Input for this task START

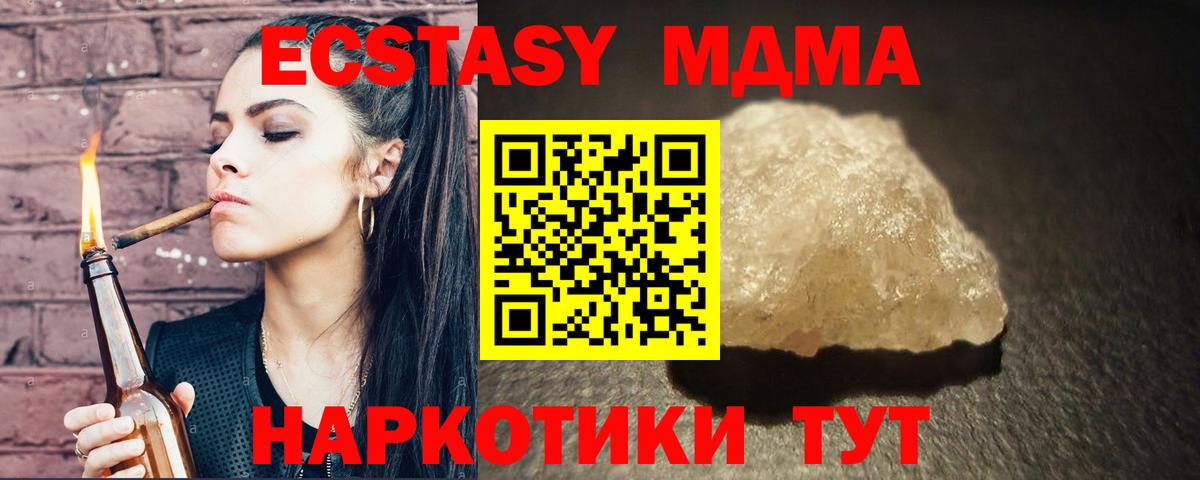 Барнаул  MDMA Molly  МДМА  Вход с VPN 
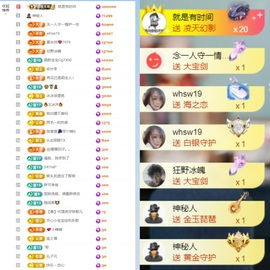 大脸.贺爱哥创世神帝的图片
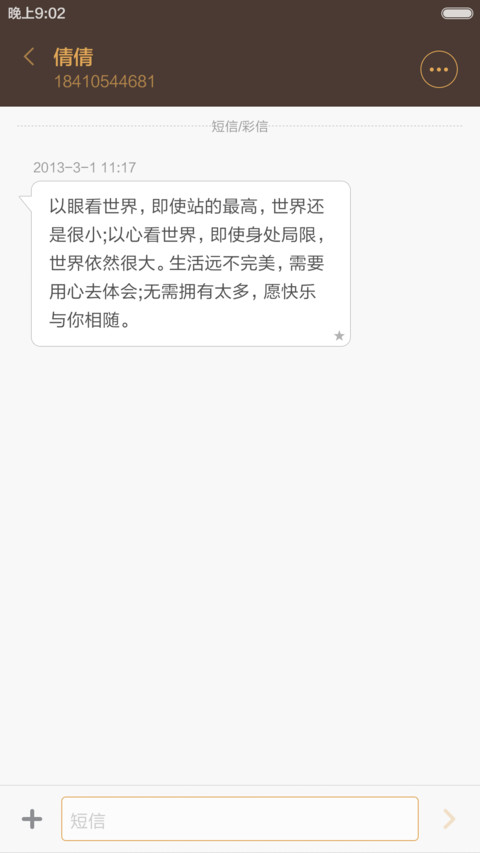 你的世界（返现中+重力感应+全图标） screenshot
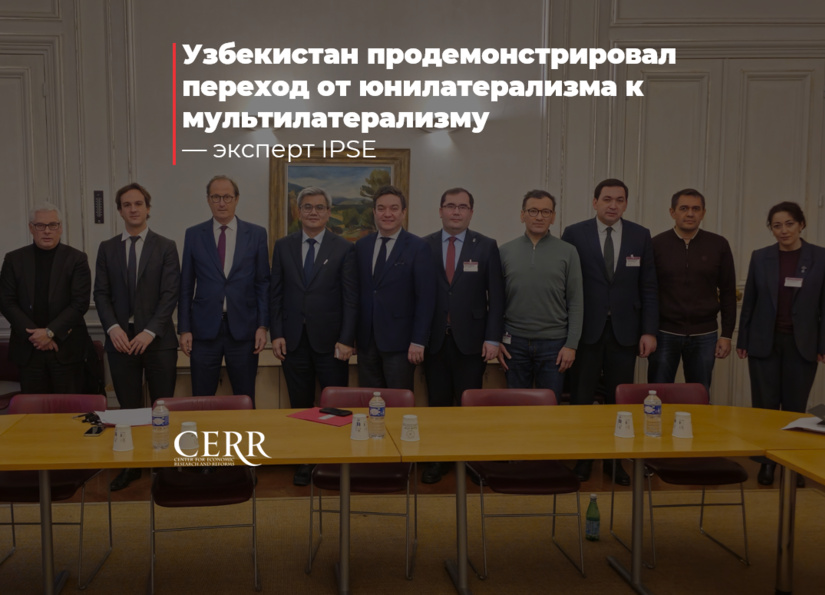 Узбекистан продемонстрировал переход от юнилатерализма к мультилатерализму — эксперт IPSE Узбекистан продемонстрировал переход от юнилатерализма к мультилатерализму — эксперт IPSE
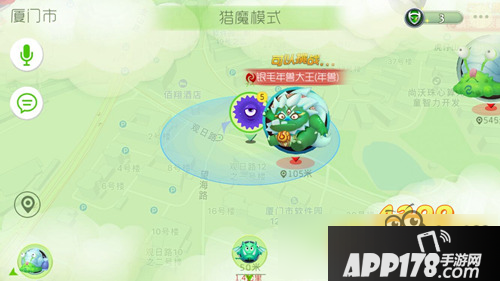 球球大作战新春活动年兽打法 全民打年兽玩法介绍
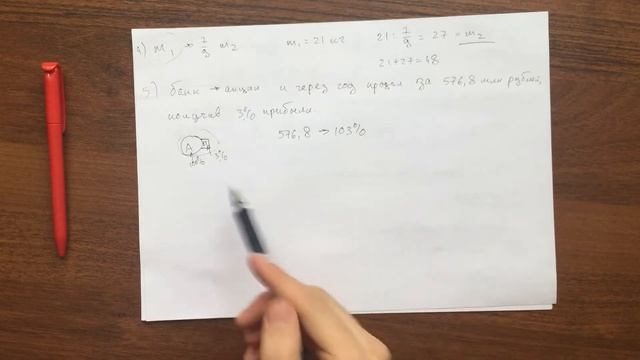 Дроби (числа). Задачи на нахождение целого. Простые. смотреть онлайн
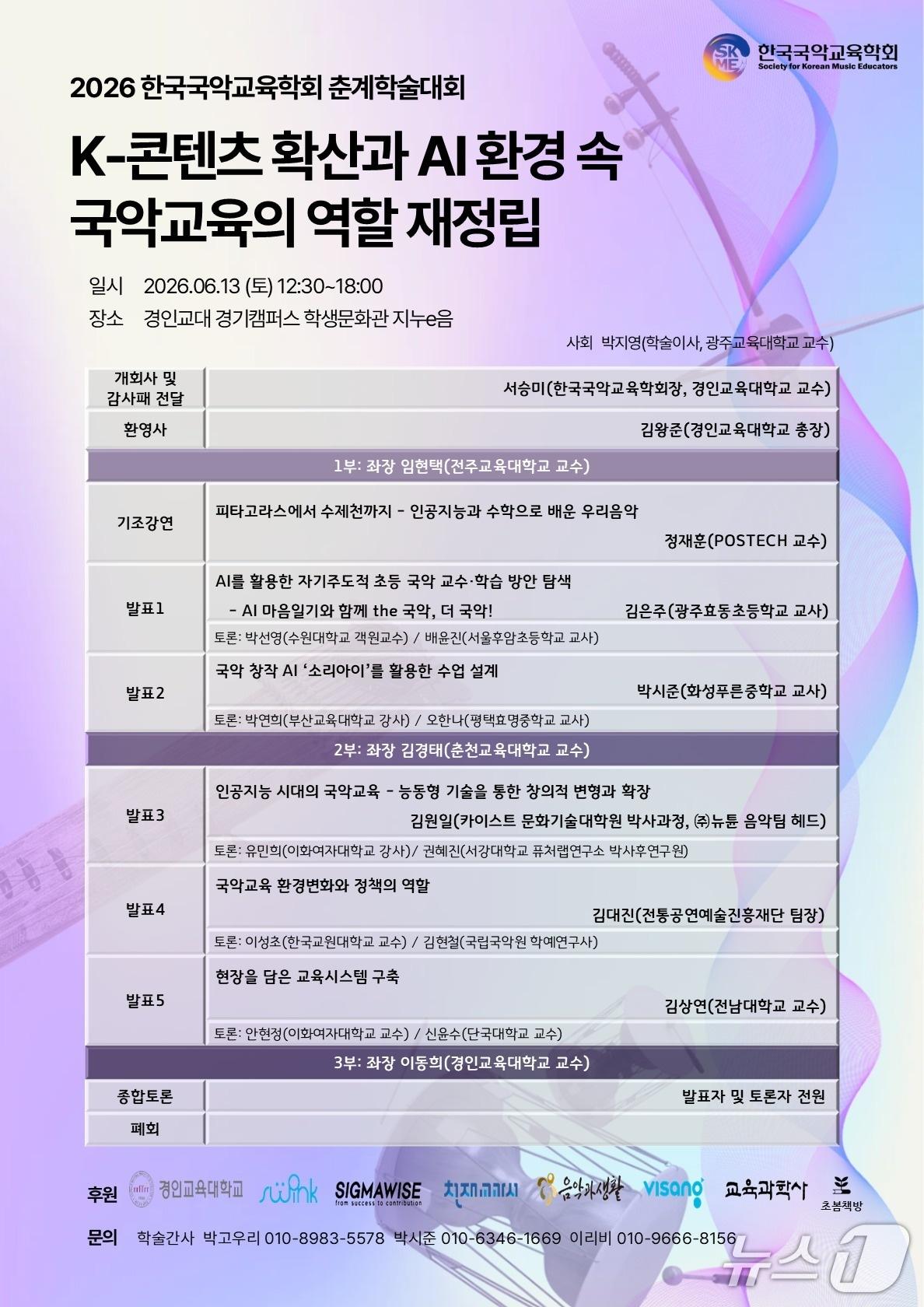 본문 이미지 - 한국국악교육학회가 '2026 한국국악교육학회 춘계학술대회'를 13일 경인교육대학교 경기캠퍼스 학생문화관 지누e음에서 연다.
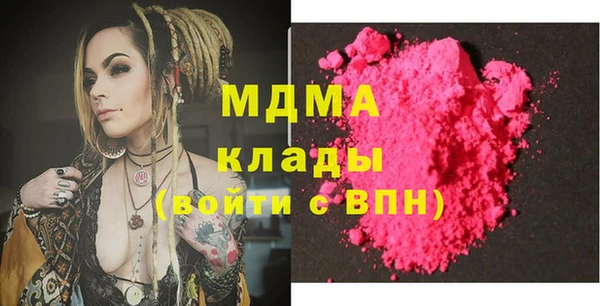 apvp Балахна
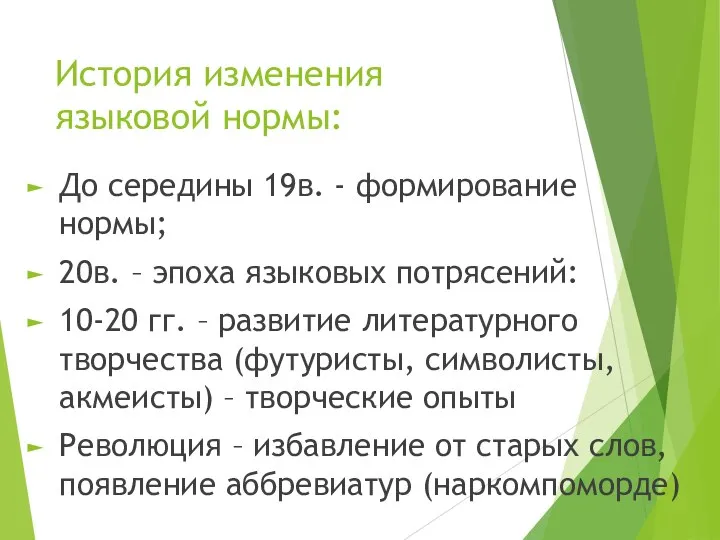 История изменения языковой нормы: До середины 19в. - формирование нормы; 20в.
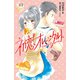 初恋オレンジタルト（PHP研究所） [電子書籍]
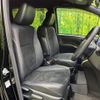 toyota voxy 2021 quick_quick_ZRR80W_ZRR80-0645184 image 8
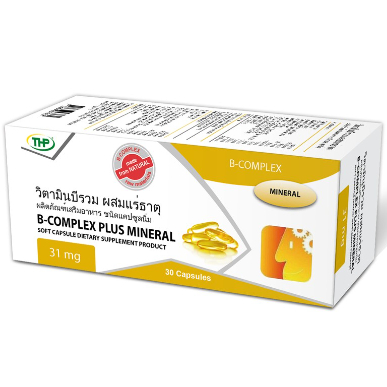 วิตามินบีรวม ผสมแร่ธาตุTHP B-Complex plus Mineral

Input for this task END

What to produce: Restate the data above word for word, so that the only difference is the missing pictures.

Task response:
 Барнаул  MDMA Molly  МДМА  Вход с VPN 
 大脸.贺爱哥创世神帝的图片
 你的世界（返现中+重力感应+全图标） screenshot
 Узбекистан продемонстрировал переход от юнилатерализма к мультилатерализму — эксперт IPSE Узбекистан продемонстрировал переход от юнилатерализма к мультилатерализму — эксперт IPSE
 球球大作战新春活动年兽打法 全民打年兽玩法介绍
 Дроби (числа). Задачи на нахождение целого. Простые. смотреть онлайн
 본문 이미지 - 한국국악교육학회가 '2026 한국국악교육학회 춘계학술대회'를 13일 경인교육대학교 경기캠퍼스 학생문화관 지누e음에서 연다.
 apvp Балахна
 История изменения языковой нормы: До середины 19в. - формирование нормы; 20в.
 初恋オレンジタルト（PHP研究所） [電子書籍]
 toyota voxy 2021 quick_quick_ZRR80W_ZRR80-0645184 image 8
 วิตามินบีรวม ผสมแร่ธาตุTHP B-Complex plus Mineral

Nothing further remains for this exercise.